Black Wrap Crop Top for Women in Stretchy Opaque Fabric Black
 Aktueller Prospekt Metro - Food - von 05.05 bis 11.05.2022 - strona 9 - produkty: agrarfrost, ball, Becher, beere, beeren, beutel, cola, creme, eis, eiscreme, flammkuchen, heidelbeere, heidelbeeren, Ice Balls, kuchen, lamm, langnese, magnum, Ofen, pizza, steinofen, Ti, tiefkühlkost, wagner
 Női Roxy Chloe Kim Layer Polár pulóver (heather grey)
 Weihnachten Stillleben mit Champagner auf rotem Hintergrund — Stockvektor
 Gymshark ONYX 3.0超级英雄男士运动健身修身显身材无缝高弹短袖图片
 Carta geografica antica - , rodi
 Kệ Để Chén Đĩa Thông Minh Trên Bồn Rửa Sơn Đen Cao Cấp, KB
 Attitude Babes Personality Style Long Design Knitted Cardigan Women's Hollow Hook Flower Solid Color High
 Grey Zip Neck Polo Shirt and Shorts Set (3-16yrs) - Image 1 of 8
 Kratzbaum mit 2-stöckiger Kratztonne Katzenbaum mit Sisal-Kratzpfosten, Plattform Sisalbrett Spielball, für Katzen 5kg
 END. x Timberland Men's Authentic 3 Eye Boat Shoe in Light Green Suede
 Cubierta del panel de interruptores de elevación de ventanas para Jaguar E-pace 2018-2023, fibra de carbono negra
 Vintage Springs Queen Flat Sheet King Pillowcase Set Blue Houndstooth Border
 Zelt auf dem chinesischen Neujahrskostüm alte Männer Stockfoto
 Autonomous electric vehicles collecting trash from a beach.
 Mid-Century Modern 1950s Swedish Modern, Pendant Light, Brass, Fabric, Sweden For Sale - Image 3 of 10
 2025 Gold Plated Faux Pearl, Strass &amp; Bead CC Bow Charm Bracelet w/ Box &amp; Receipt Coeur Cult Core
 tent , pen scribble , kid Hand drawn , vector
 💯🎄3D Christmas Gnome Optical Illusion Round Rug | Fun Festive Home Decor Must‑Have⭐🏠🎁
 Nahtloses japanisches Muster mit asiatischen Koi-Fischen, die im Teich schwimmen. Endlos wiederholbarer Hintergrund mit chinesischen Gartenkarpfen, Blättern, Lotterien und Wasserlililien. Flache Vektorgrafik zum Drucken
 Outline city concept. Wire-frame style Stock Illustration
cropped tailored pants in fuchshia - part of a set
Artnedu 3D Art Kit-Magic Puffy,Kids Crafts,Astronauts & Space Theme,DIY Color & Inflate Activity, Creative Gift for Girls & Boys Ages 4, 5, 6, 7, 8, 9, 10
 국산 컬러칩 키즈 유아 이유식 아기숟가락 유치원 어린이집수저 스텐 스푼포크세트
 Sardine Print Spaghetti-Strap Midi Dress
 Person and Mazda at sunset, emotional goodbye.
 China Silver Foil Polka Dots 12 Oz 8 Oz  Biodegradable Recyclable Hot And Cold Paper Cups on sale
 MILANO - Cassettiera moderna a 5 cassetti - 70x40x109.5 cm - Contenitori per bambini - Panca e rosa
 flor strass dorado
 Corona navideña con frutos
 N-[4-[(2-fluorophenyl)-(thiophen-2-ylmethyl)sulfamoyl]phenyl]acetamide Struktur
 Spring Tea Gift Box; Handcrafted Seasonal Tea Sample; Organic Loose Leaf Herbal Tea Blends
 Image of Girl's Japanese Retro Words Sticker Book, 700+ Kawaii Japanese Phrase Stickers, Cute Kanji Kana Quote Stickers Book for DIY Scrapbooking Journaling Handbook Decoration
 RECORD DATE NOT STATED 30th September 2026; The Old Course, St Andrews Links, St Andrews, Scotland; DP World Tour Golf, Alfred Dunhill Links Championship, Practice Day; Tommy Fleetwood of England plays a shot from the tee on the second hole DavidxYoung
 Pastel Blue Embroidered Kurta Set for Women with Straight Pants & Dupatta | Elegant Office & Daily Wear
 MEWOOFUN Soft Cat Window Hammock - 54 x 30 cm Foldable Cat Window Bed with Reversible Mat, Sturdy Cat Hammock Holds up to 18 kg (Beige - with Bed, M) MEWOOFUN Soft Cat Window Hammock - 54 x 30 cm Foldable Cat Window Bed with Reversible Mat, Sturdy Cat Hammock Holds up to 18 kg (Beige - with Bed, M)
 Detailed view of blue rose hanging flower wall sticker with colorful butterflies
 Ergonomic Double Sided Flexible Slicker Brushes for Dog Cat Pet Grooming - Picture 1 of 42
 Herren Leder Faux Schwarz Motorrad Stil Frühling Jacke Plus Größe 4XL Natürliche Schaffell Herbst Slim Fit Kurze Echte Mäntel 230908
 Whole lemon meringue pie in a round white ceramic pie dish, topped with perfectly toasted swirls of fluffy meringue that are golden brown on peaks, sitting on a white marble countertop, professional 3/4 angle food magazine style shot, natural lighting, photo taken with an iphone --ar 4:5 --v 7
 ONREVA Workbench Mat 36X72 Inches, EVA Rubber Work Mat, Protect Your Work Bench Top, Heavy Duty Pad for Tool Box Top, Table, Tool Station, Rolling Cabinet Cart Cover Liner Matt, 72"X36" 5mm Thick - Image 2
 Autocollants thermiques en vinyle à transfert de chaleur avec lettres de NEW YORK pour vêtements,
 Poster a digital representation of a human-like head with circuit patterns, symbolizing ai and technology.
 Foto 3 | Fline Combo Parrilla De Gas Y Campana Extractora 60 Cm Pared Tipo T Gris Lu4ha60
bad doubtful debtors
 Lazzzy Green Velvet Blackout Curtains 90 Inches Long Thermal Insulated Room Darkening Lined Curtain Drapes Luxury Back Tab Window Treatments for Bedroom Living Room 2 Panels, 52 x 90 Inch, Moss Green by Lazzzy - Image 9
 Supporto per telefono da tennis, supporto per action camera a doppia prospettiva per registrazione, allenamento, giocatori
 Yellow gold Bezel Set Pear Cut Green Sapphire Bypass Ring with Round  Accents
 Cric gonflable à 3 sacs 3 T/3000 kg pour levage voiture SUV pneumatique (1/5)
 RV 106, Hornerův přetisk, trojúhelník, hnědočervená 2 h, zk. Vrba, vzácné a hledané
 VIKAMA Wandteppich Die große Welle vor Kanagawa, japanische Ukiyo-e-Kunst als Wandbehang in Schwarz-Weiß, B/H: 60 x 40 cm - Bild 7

TASK BRIEF :: For every line in the material above that holds the string "Women", add one to a count; state only the final count.

YOUR RESPONSE :: 3